(Captioned web image data)
· · · ·
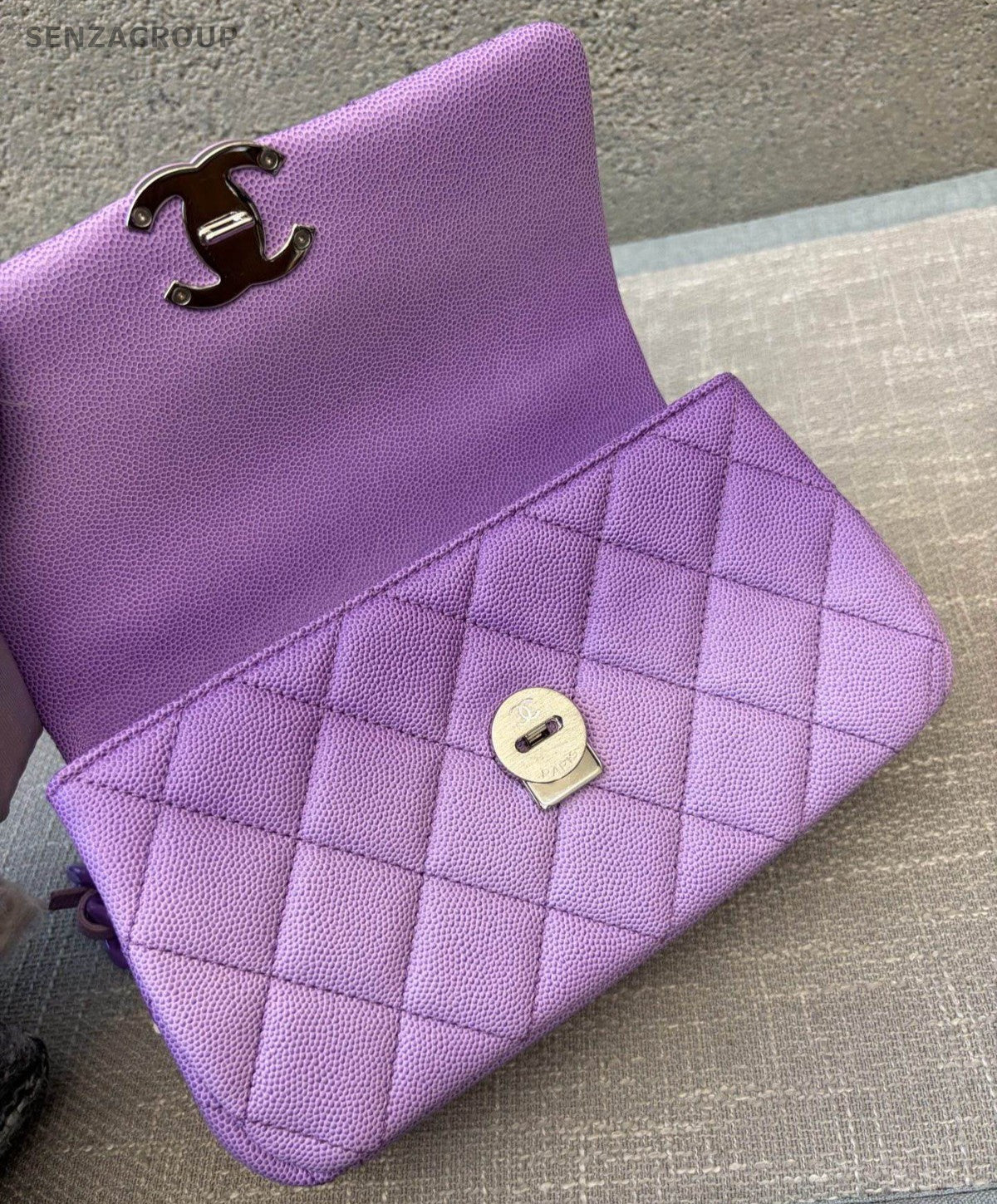 Chanel Diamond Mini Chain Shoulder Bag Purple Women Classic Fashion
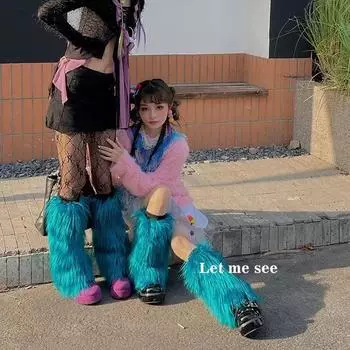 Чехол для ног Spice Girl на Хэллоуин, чехол для носков Millennium Y2K, длинный мохнатый чехол для ног, теплый чехол для ног из искусственного меха 15cm озеро синий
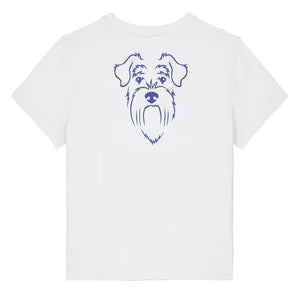 Blue outline illustration of the head of a Schnauzer on the back of a white ladies t-shirt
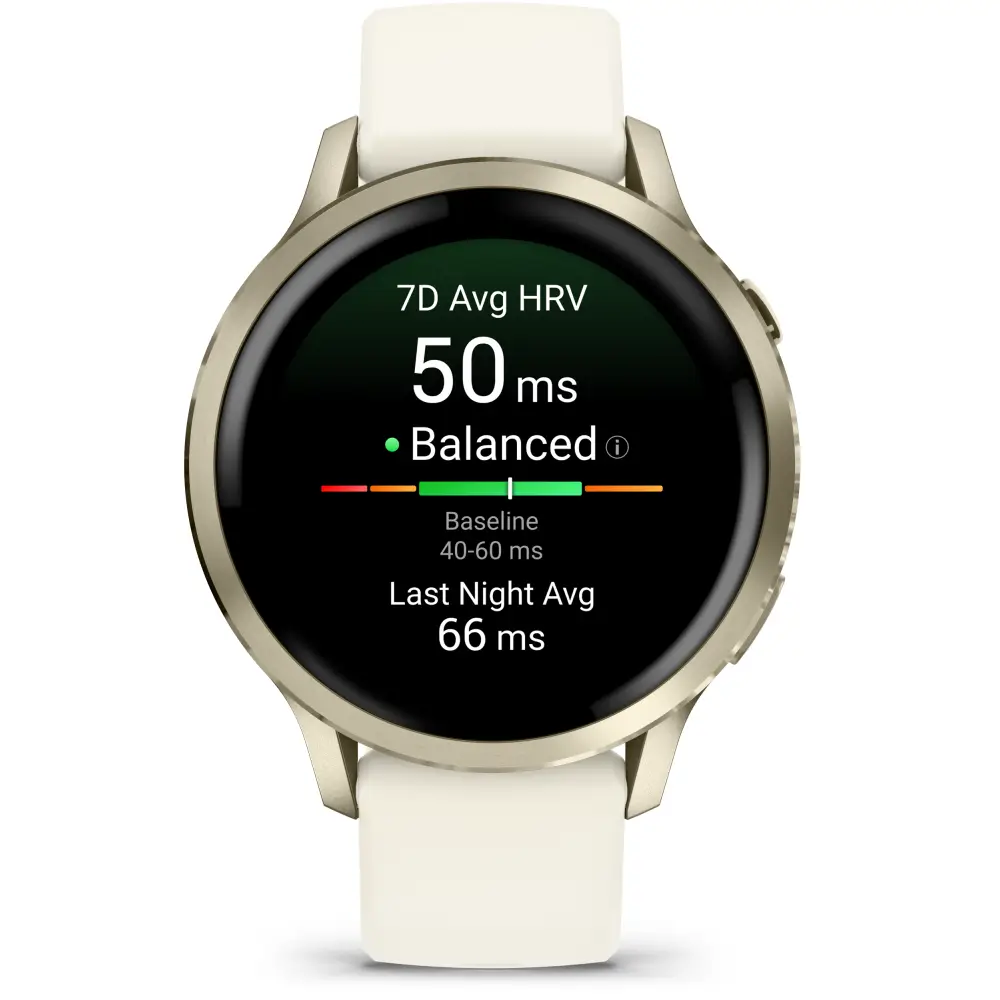 Garmin Venu 4 - 41mm Beige-Lunargold Schnellwechsel-Silikonarmband 18mm Bone
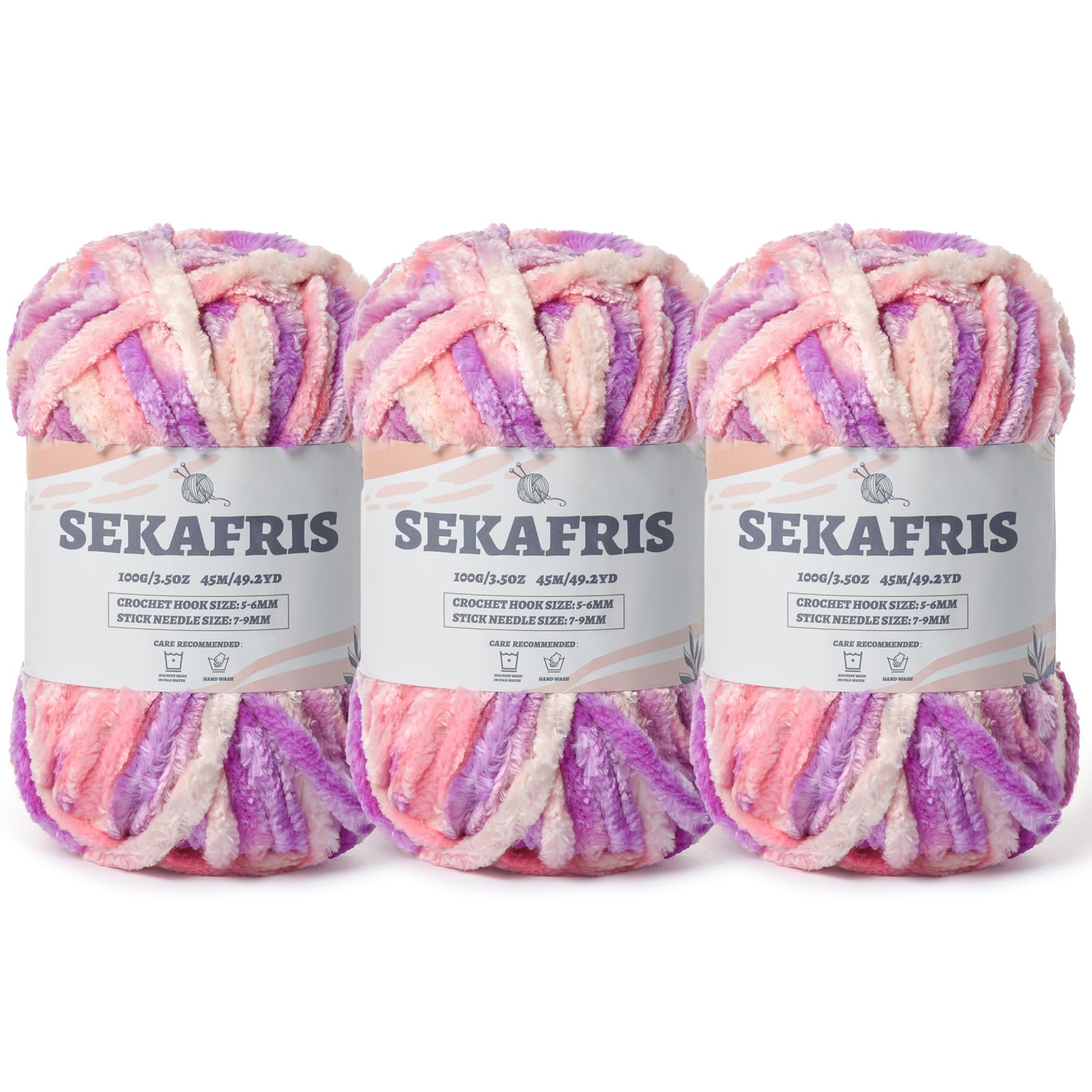 Chenille Velvet Soft Yarn Pink Purple 3 Pack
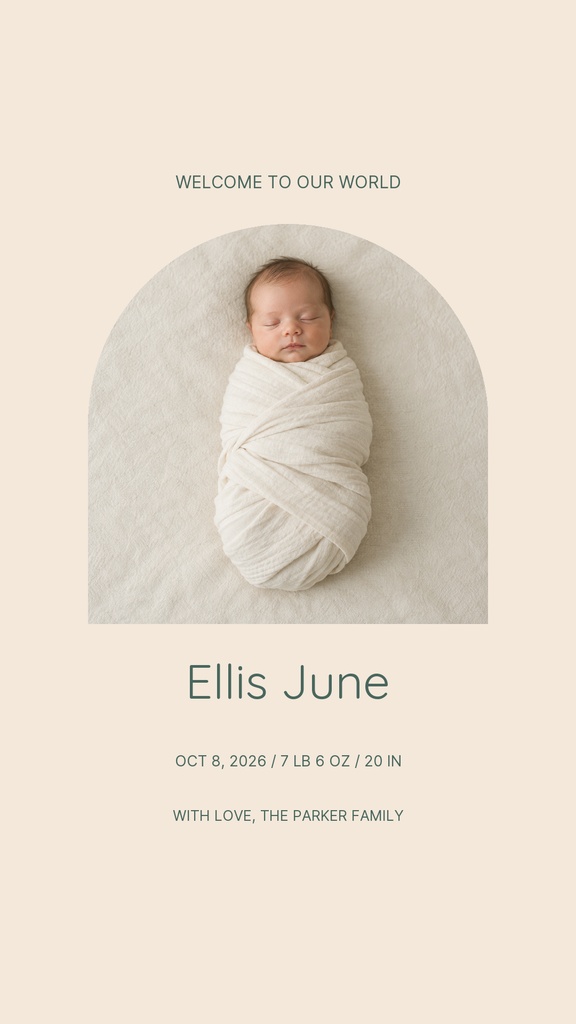 Preview for Welcome, Baby Ellis Story Opener Template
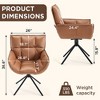 Beautyolove Faux Leather Upholstered Swivel Accent Chair Armchair Home Office Chair - 3 of 4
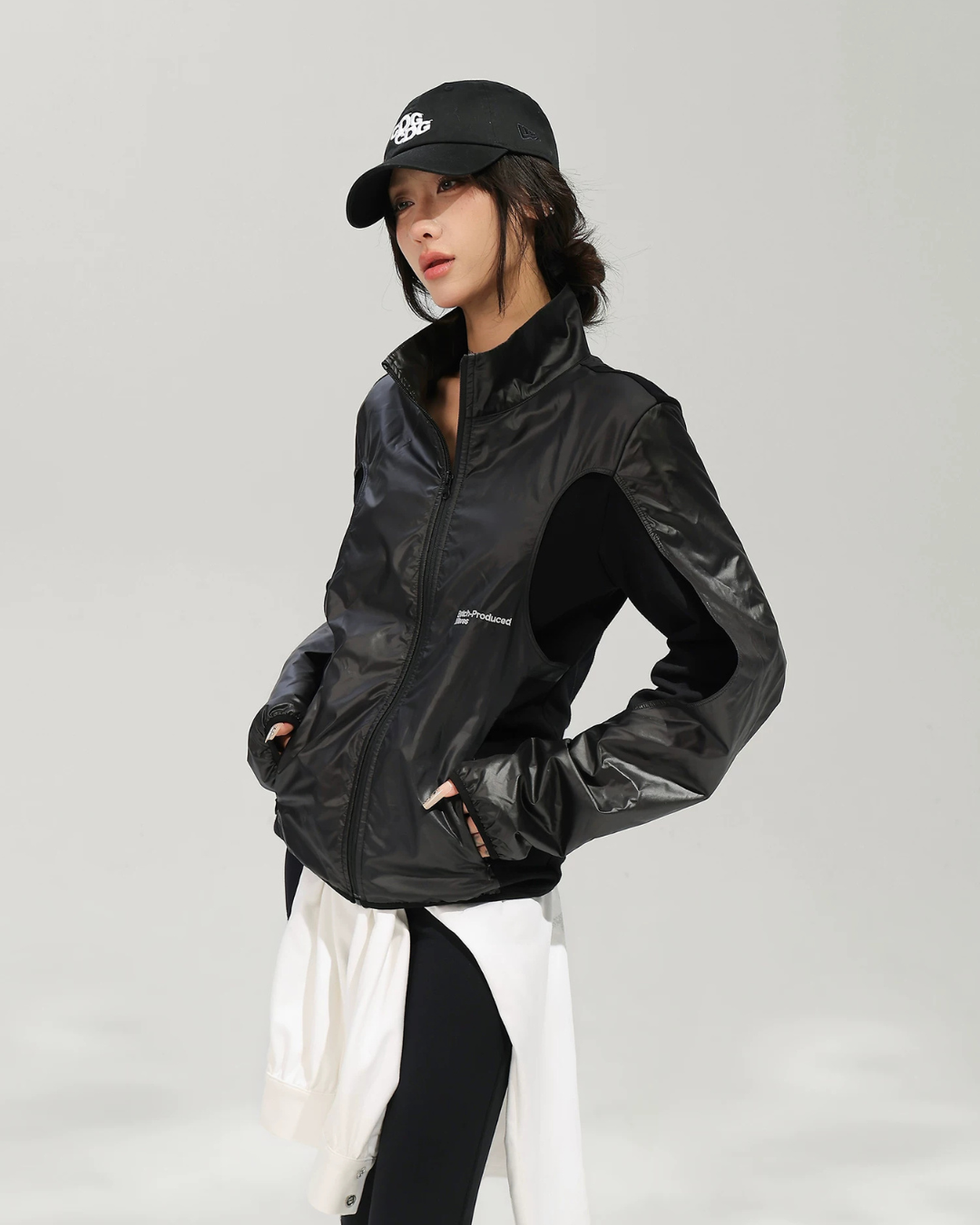 Mixed Material Zip-Up Tech Jacket ACS0386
· · · ·
Task description:
Word for word, restate the lines from the line containing "Chenille Velvet Soft Yarn Pink Purple 3 Pack" through the end of the data, including the first and last of them. Pictures stay out.

Completed task:
 Chenille Velvet Soft Yarn Pink Purple 3 Pack
 Preview for Welcome, Baby Ellis Story Opener Template
 Beautyolove Faux Leather Upholstered Swivel Accent Chair Armchair Home Office Chair - 3 of 4
 Mixed Material Zip-Up Tech Jacket ACS0386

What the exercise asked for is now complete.